Les frontières sont assurément changeantes pour délimiter en matière d’investissements immobiliers, ce qui relève de la gestion d’un patrimoine privé et ce qui entre dans une activité commerciale. La différence du point de vue du traitement fiscal est importante et alimente de nombreuses d’affaires devant les juridictions administratives. L’un des derniers dossiers bouclé par la Cour administrative mérite un petit éclairage (affaire 28 901, arrêt du 13 décembre 2011).
Les époux mettaient en cause un bulletin d’impôt sur le revenu pour 2004, dans lequel l’Administration des contributions directes avait établi leur revenu net imposable à 2,060 millions d’euros et les avait imposés pour un montant de 403 213 euros. Le couple avait contesté ce bulletin, dans une première étape devant le directeur de l’ACD, en raison notamment de divergences de vues sur le bénéfice de cessation, le revenu de capitaux mobiliers et le revenu net de location. À défaut d’avoir obtenu une réponse dans les délais requis, ils ont saisi dans une seconde étape le tribunal administratif, qui leur avait donné partiellement raison en réformant le bulletin 2004, considérant qu’il n’y avait pas, dans le chef de l’époux, d’activité commerciale ; les opérations immobilières réalisées relevant de la sphère privée du couple. Condamné à payer une indemnité de procédure, l’État avait alors interjeté appel.

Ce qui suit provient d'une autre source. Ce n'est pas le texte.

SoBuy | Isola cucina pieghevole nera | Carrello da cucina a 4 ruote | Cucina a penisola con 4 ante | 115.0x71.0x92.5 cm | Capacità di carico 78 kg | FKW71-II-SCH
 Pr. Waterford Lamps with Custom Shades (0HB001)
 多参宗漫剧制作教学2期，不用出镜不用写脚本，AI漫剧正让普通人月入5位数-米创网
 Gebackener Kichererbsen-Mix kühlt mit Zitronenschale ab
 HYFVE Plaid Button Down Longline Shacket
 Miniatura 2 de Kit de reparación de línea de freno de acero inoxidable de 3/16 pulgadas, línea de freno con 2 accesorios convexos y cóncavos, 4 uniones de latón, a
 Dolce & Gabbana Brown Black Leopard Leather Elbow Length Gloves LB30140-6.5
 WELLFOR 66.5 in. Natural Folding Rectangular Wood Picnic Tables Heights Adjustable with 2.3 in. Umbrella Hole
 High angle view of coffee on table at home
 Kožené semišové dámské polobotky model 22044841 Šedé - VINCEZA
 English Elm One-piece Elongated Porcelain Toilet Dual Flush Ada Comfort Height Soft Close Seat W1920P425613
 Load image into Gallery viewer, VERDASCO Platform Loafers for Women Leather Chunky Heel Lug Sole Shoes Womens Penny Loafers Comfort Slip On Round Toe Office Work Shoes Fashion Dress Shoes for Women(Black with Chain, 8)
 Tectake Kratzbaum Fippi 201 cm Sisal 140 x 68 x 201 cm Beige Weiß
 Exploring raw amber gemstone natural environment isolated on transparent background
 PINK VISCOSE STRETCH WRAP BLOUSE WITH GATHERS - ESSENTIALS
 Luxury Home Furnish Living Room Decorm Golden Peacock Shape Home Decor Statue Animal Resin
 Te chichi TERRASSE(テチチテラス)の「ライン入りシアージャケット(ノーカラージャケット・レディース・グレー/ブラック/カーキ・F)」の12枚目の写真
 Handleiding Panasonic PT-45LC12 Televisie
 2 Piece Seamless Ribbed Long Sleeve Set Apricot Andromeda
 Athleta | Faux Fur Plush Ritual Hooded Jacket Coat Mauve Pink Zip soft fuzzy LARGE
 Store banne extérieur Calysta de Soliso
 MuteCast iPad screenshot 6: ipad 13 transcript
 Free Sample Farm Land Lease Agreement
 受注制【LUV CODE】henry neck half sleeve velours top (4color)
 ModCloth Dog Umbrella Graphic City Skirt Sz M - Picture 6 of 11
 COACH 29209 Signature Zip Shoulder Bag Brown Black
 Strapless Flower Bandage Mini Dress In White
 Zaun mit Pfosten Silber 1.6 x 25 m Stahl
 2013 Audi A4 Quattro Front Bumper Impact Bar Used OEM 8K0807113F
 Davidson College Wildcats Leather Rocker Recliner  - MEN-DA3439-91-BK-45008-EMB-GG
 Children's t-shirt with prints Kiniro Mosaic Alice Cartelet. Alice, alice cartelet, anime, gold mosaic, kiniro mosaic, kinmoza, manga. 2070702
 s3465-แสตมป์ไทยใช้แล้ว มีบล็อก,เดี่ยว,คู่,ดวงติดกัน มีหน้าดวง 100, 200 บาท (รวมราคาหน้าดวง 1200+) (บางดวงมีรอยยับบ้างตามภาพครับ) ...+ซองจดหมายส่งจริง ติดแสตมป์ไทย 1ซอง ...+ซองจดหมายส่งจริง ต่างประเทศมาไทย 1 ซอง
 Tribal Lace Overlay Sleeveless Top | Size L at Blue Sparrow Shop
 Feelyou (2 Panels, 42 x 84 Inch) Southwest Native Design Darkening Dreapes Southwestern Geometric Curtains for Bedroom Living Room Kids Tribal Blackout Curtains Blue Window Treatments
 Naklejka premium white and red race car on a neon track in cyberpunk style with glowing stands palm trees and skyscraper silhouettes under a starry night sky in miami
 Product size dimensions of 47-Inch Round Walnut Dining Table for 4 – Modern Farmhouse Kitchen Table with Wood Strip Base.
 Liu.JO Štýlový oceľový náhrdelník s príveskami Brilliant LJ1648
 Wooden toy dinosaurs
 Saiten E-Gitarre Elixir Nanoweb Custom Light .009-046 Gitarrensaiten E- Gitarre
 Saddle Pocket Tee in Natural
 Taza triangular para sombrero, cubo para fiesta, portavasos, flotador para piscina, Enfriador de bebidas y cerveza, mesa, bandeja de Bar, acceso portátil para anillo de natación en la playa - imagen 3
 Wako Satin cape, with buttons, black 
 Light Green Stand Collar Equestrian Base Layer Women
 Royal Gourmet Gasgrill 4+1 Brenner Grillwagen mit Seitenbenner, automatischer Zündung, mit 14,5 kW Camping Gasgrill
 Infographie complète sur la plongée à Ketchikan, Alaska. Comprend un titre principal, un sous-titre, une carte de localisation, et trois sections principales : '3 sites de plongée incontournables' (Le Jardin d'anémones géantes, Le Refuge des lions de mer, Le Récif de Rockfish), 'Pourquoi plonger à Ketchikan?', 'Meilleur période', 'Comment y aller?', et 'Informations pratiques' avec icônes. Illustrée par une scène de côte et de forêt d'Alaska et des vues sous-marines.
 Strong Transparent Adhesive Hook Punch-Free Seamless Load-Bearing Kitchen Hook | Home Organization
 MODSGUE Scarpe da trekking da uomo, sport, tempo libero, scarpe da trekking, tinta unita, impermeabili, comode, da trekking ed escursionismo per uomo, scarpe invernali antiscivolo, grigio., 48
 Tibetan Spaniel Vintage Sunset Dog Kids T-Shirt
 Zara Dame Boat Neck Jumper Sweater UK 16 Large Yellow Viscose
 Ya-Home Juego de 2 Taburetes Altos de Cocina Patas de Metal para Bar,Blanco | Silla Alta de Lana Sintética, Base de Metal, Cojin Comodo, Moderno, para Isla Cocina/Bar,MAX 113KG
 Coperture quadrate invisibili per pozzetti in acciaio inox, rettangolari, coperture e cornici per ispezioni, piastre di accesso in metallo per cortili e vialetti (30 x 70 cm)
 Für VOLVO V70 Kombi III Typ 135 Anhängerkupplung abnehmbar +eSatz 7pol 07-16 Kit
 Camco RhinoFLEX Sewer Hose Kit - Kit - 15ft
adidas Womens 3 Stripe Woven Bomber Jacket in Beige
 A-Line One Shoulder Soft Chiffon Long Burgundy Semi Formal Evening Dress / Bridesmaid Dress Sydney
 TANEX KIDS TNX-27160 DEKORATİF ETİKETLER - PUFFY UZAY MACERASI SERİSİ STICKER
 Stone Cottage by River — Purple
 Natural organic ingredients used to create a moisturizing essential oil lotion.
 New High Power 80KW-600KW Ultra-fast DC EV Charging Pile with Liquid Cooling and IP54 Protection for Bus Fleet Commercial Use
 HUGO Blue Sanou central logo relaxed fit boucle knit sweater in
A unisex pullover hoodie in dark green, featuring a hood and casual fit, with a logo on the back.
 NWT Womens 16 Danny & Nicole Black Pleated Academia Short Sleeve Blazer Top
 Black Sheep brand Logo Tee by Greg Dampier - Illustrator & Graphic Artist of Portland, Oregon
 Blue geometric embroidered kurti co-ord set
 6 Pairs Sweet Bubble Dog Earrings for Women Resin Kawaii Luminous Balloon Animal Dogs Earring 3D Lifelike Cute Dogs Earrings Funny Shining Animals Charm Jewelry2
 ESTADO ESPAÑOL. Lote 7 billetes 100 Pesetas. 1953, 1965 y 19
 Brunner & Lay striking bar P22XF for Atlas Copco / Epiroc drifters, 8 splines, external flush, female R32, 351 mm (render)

Au centre de l’affaire : un complexe résidentiel de plus de dix appartements construit de A à Z et partiellement revendu. L’État a considéré que la copropriété des époux faisait partie d’un « grand projet immobilier » résidentiel qu’ils ont développé à la fin des années 1990 : 103,90 ares répartis en six lots, dont certains feront l’objet, alors qu’ils n’étaient pas encore construits, d’un transfert de propriété. Dans un second temps, une fois le complexe résidentiel sorti de terre, le couple opta pour faire passer une partie de ce patrimoine foncier dans son patrimoine privé. On est en février 2002 : ils vendent à une sàrl qui leur est proche une partie du terrain destiné à accueillir plus tard la copropriété. Une fois que la résidence de dix appartements sera construite, ils en rétrocéderont en 2009 trois à leurs enfants. Un appartement sera vendu en 2003 à un tiers pour 440 000 euros et les neuf autres seront loués.
Le bureau d’imposition va toutefois considérer, du moins pour l’année 2004, les activités immobilières privées du couple comme la « continuation » de ses activités commerciales habituelles, mais en nom personnel.
Du point de vue fiscal, ça signifie une imposition au titre du bénéfice commercial, plus forte que si elle était passée en une activité relevant de la gestion d’un patrimoine privé. L’agent du fisc avait d’ailleurs fait savoir ses intentions de procéder ainsi dès l’imposition de l’exercice 2002. À cette époque, le couple n’avait pas jugé utile de contester son bulletin d’imposition, de sorte qu’il est devenu définitif et donc incontestable. Ce n’est qu’après l’exercice fiscal 2004 que tout « rentrera dans l’ordre » et que l’administration fiscale acceptera que la copropriété relève du patrimoine privé du couple.
Pour la Cour administrative, il y avait en tout cas en 2004 un intérêt financier évident pour le couple de faire passer dans son patrimoine privé des biens immobiliers avec effet au 15 mars 2002: les terrains à l’époque n’étaient pas construits, la résidence n’ayant été achevée qu’à la fin de l’année 2003.
La facture à régler à l’Administration des contributions sera bien de plus de 400 000 euros.